迷走28
そんな話に夢中になっていると、聴取が終わった向坂が戻ってきた。かなり疲れた表情をしている。
「向坂さん! どうでした?」
捜査で組んでいる竹下がまず声を掛けた。
「それなりだ、それなり」
向坂は短く答えた。そして席に就くとタバコに火を付け、大きく煙を吐いた。
「しかし、俺も運がないね。いきなり取調べ初日にああいうことに巻き込まれるとは」
黙って見守っていた遠軽組の視線に気が付いたか、冗談交じりに話し始めた。
「実際のところ、倒れた時北川はどんな感じだったんだ?」
沢井課長が尋ねた。
「逮捕された後、北見署で裏から何度か見ましたが、その時よりやつれた感じは出してましたよ」
向坂の返答に西田は、
「俺が初日に取調べした時にはそんな印象はありませんでしたから、やっぱりここ数日の取調べがキツかったんですかねえ。もともと高血圧だと言う話は会議でも出てましたし」
と言った。
「まあ、あの人の取調べだとストレスあるだろう。それと暑さもかなり影響しただろうな……」
向坂も同調すると同時に、暗に道下の取調べのやり方に懐疑的な感想を述べた。そして、
「で、明日からどうなるの?上からなんか聞いてる?」
と続けて、長い聴取のせいで、捜査本部の状況把握が出来ていないことを補完しようとした。
「こちらも何にも聞いてないぞ。そこまでやってる余裕がないというか、頭回ってないと思うな、俺は」
沢井課長が答えたので、向坂は恐縮したか、
「ああ、そうなんですか」
とかしこまったように礼を言った。
丁度その時、園山北見方面本部長が会議室に姿を見せた。それを見た捜査員があたふたと自分の席に戻る。全員が席についたのを確認すると、重い口を開いた。

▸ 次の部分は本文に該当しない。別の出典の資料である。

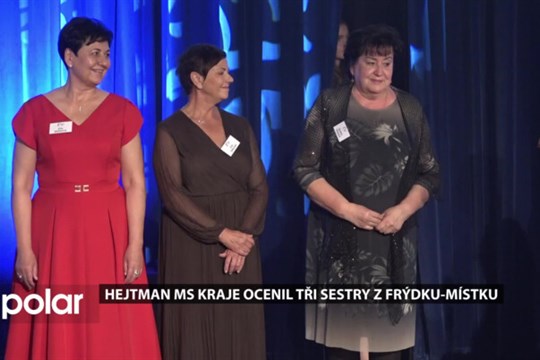 Tři zdravotní sestry z Nemocnice Frýdek-Místek obdržely krajské ocenění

「待たせて申し訳ない。まだ監察官の聴取が続きそうなので、一旦状況と明日以降のことも含めて説明する必要があると思いやってきた。基本的に道警も方面本部としても、逮捕・勾留については、裁判所の判断を得ていることは当然、過去の事例から見ても至って適正であり、何の問題もないと考えているのは言うまでもない。ただ、米田の殺害についてのアリバイの存在と、取調べの際に、きちんと水分補給がされていなかったという点において、若干だが、拙かったかもしれないという考えの人もいることは確かだ。そこら辺をしっかりするために、聴取をして精査しているところだ。正直今日中に結論が出るとは思えない。そこでだ、ひとまず今日は午後7時まで結論が出るかどうか、ここに残ってもらった上で、出なかった場合には、明日は午後まで自宅待機。午後より捜査会議という形にしたいと思っている。おそらくその頃には結論は確実に出ているだろう。そこからまた仕切り直しになる、そういうことだ」
沢井課長がその発言を聞いた上で挙手をして質問した。
「すいません、所轄組は署の仕事の関係上、勤務は通常通りにしていいんですね?」
「そうだな、方面本部組と違って、所轄は専従捜査と言っても、ある程度対応しないといけないからな……」
事実、米田殺害における捜査本部設置後も、西田率いる強行犯係は、数件の管内の傷害事件について、他の係の協力も得ながら解決していたことがあった。ただ、他係の協力程度で同時進行できるレベルの事件規模であったから良かったものの、場合によっては捜査本部から数名外れて対応しないといけなかったかもしれない。他の係も今回の捜査本部に既に適宜協力していたので、それほど余裕があるわけではなかったからだ。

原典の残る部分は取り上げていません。